Only the pictures should be dropped; every line of the data must come back exactly as written.

**** INFORMATION SUPPLIED ****

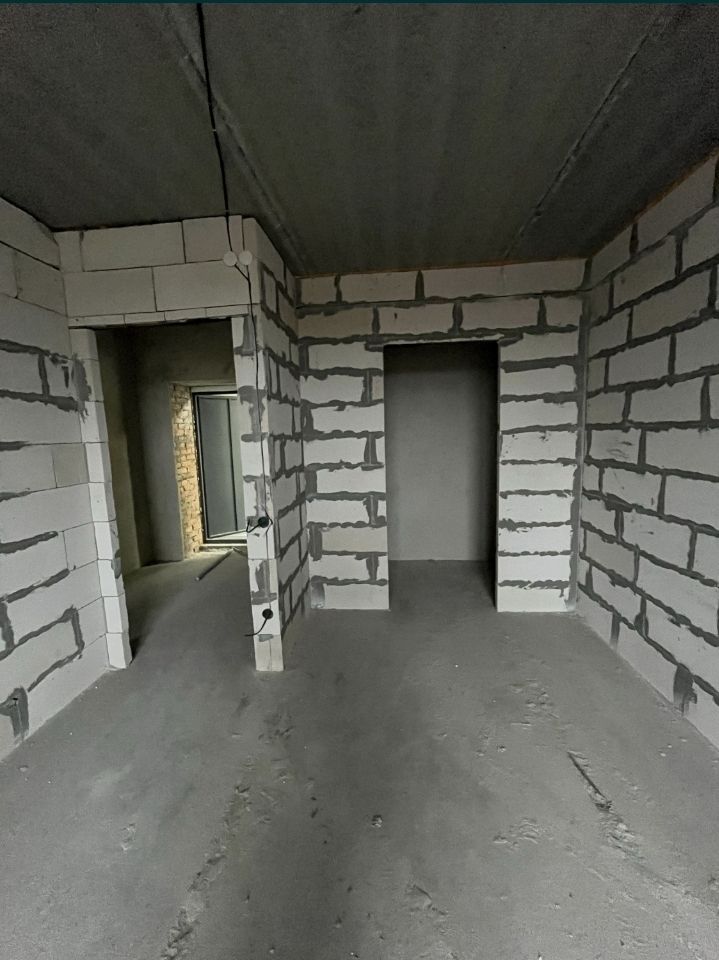 1826475318731905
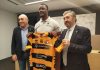 Mahepisa Tjeriko refuerza al Aparejadores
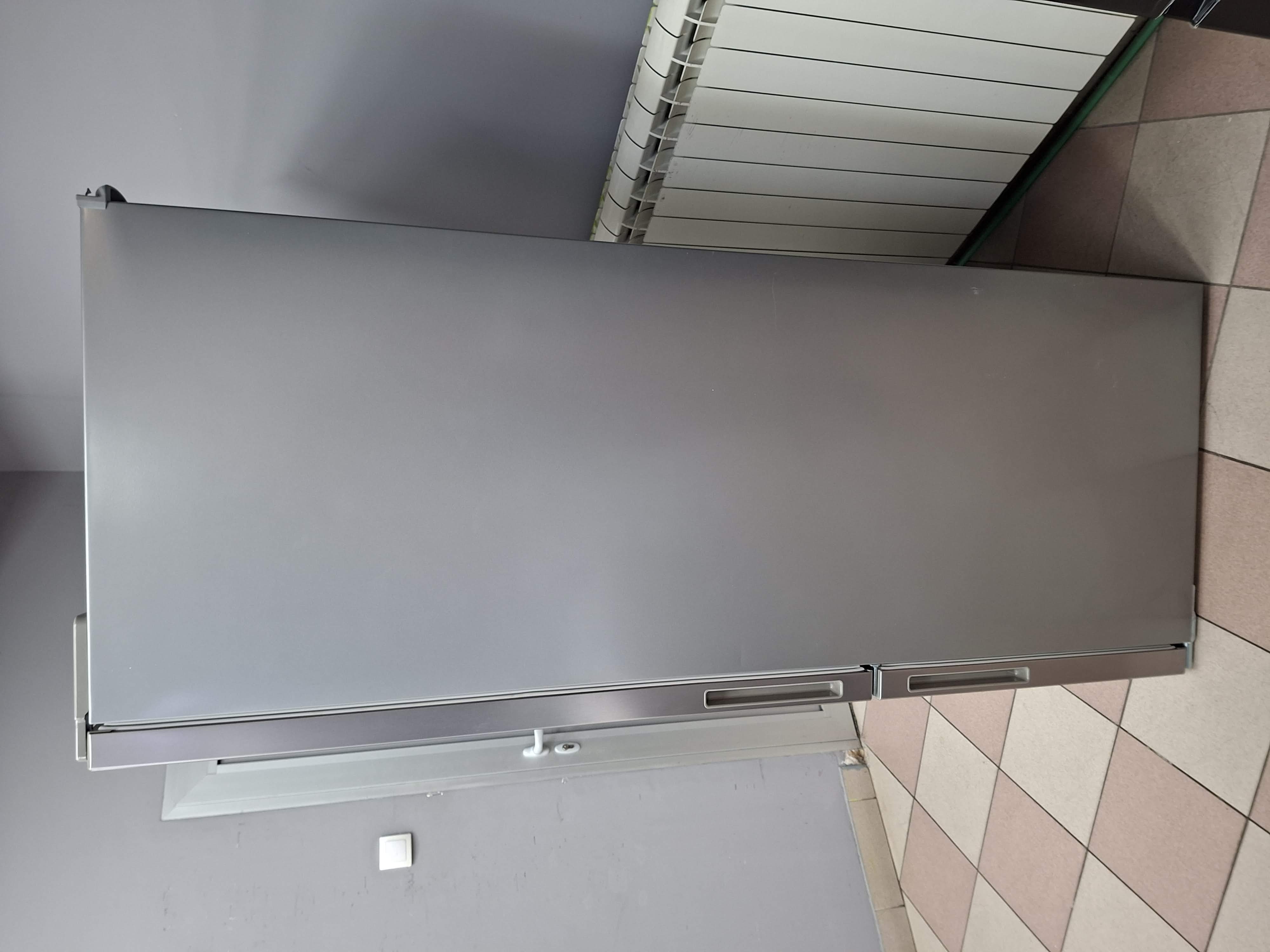 Frižider Hotpoint HPAK2 6472 XP4E, 70cm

****

§ TASK OUTPUT
 1826475318731905
 Mahepisa Tjeriko refuerza al Aparejadores
 Frižider Hotpoint HPAK2 6472 XP4E, 70cm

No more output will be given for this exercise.